Textbooks Too Expensive? Chem Prof's Indie Book Rethinks the Formula

At first blush, it’s hard to figure out why the concept of self-published textbooks seems unusual. Then you glance through the nearest university bookstore. The logos of McGraw-Hill and Prentice Hall dominate shelves, red and blue flags firmly planted on the spines of hundreds of math and engineering tomes. The land of written knowledge is the property of a handful of companies, and few publishing professors venture beyond its borders.

But of the few that do, Dr. Mark Green is at the forefront.

Organic Chemistry
Mark is a professor at NYU Polytechnic, and no stranger to publishing both in and out of the mainstream. His self-published chemistry textbook, Organic Chemistry Principles In Context, has garnered praise from all corners of the chemistry field. His colleagues have discussed its novel approach to introducing this traditionally brain-twisting field of study: while introducing chemistry’s building blocks, Mark also describes the lives and achievements of its celebrities. From jazz-loving Melvin Newman to the church-burning antics of Jean-Baptiste Biot, Mark associates faces (and quirky stories) with chemical processes that students might otherwise find somewhat dry.

“Science depends on compelling narratives,” Mark explains. He feels that students are most likely to gain an interest in chemistry through storytelling. “The protagonist doesn’t have to be human.”

Textbook Prices a Crushing Burden

But sustaining that interest in chemistry can become more challenging as students progress in their studies, and not just because the work gets harder. Affording textbooks is becoming a crushing burden. According to the College Board, the cost of books alone reliably lands somewhere between $1,500 and $2,200 per year. In fact, the Government Accountability Office estimates that the price of textbooks rose 82 percent between 2002 and 2013, and there’s no end in sight. Plenty of professors are worried about this trend. Mark’s concern about the cost of textbooks was the primary factor in his decision to publish his own book.

The decision may be a philosophical one, but Mark is dead serious. In fact, early on in his book’s life, a large academic publisher offered him a contract, but Mark decided to pass. As a result, Organic Chemistry Principles In Context costs $10 on a Kindle and $22.50 in paperback, compared to mainstream textbooks that feature price tags upward of $250. Even rental costs can top $50 for some staple texts.

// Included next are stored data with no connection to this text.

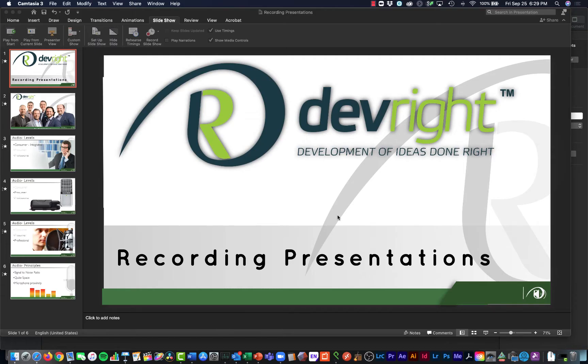Hello, my name is Adam. I'm from the team at DevWrite. I'm making this short video here today to show you how to record your presentation in the PowerPoint application on a MacBook Pro.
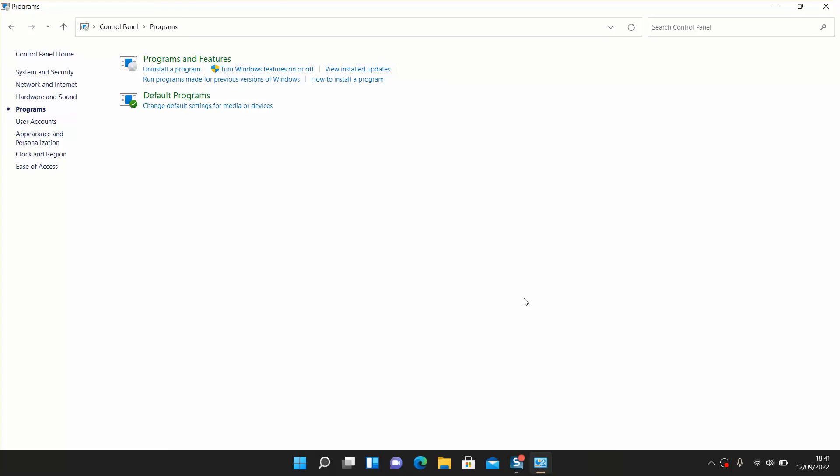Once you turn off and turn on your computer again, the changes will take effect. Thank you guys for watching, and talk to you soon in a new video tutorial.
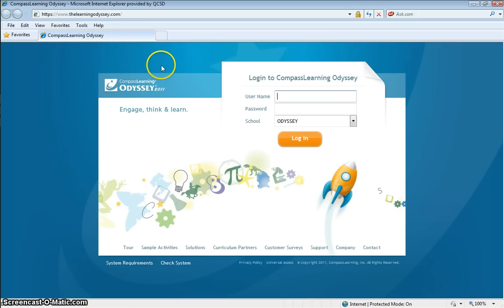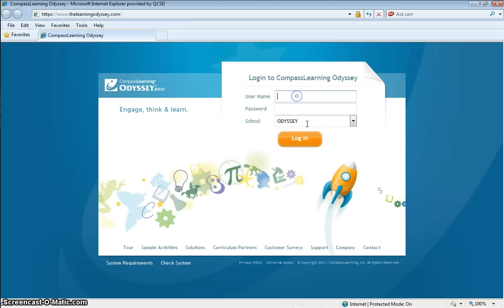When you reach the login screen, enter the user name that was given to you by the Compass system administrator. Also enter the teacher password that was given to you.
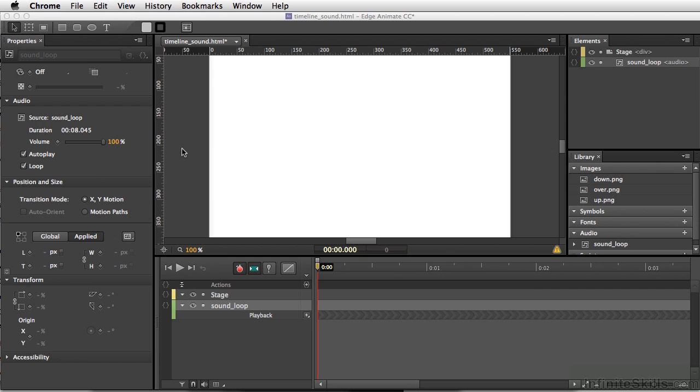Now what you may have heard is a little skip right where the music is trying to loop. When I initially created this loop, this is created for the program Adobe Flash, and in Flash it actually plays pretty smoothly. But the one thing I've noticed about Edge Animate is there's a little bit of a skip as the music is trying to play again.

Strong-Armed Into New Editions

But the pitfalls of the mainstream textbooks industry don’t just catch the people who buy them. For writers and professors, there are some serious dangers in going with a mainstream publisher, one of which wouldn’t be out-of-place in an episode of The Sopranos. As we spoke, Mark recalled a friend who had published his textbook with a publishing company. Soon after that book was published, this friend was ordered to finish another edition of the textbook—an edition that, he insisted, wasn’t necessary. But the publisher wasn’t hearing any protests. If he, the expert, wouldn’t write the book, they’d just hire someone else and use his name. Would the new writer be as good? Would they even have the right background? It was impossible to know. “The publisher had the copyright,” explains Mark. The book was theirs—still is—and they can do whatever they want with it. They can make a new edition every six months, hire a high school student to do the writing, put a pink elephant on the cover. The only certainty was that if the new edition was bad, it was Mark’s friend whose reputation would be ruined, not the publisher’s.

Mark recalls a time when years would go by with the same textbooks being handed down again and again to class after class of college students through the medium of used bookstores. Back then, it was recognized that introductions to chemistry just don’t change that much in a single year. Barring a major new discovery into the nature of the universe, there just wasn’t any need to write new editions so quickly. Forcing students to buy new books every year was just crazy. As Mark has watched cascading editions become standard practice in educational publishing, he’s become alarmed at how the model has changed. “New editions are arising simply to kill the used textbook market,” he points out. It’s bad for everybody but the publishing company.

Self-publishing Organic Chemistry Principles in Context not only gave Mark control over the price of the book, but over the copyright. He’s philosophically committed to not writing new editions unless they’re necessary. Considering the historical perspective he takes in the book, it’s possible to see it remaining relevant for a long time—at least, once teachers take a chance on an untraditional textbook model.

Attitudes To Indies Changing

Nature Chemistry hit the nail on the head when they called Mark’s book “fascinating” and “a dramatic change to the landscape of textbook choice.”

Organic Chemistry in Context may be an outlier now, but considering Mark’s success, it may have more than a small future. He tells me about a slow, cautious shift in attitude among his colleagues. There’s interest, but also apprehension. Despite all of its issues, the old model is a known quantity, and many professors may quail at the possibility of facing the world without the protection of a publisher. But slowly, self-publishing is becoming a serious consideration among a few adventurous academics, and as new alternative publishing options open up, more may join them.

Maybe if independent textbook publishing really takes off, mainstream textbook prices will start to dive back to affordable levels as major publishers face their first real competition in decades. It’s a big idea, but exists within the realm of possibility: someday, pioneers like Mark Green might just change the publishing world.